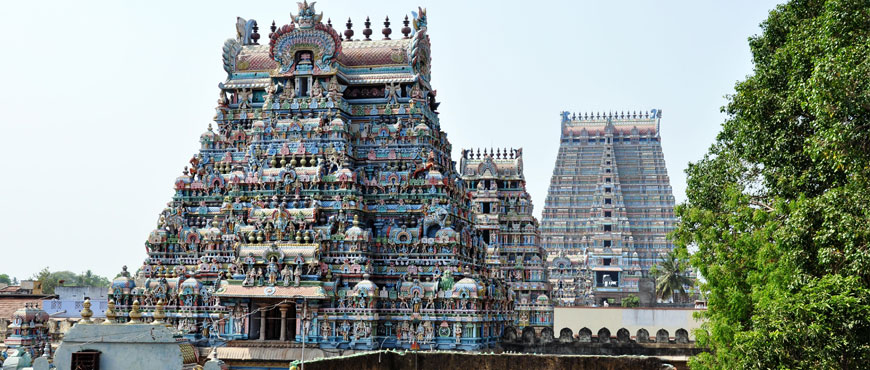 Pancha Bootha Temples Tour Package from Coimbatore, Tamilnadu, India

==

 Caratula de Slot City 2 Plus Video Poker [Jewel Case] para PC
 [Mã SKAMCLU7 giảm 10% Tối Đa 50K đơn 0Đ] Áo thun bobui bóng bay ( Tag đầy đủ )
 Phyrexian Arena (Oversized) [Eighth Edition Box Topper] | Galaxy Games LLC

**Task to complete**
From the records above, retype only the lines starting at the line that contains "[Mã SKAMCLU7 giảm" and ending at the line that contains "Phyrexian Arena (Oversized)", both included.

**Exercise result**
 [Mã SKAMCLU7 giảm 10% Tối Đa 50K đơn 0Đ] Áo thun bobui bóng bay ( Tag đầy đủ )
 Phyrexian Arena (Oversized) [Eighth Edition Box Topper] | Galaxy Games LLC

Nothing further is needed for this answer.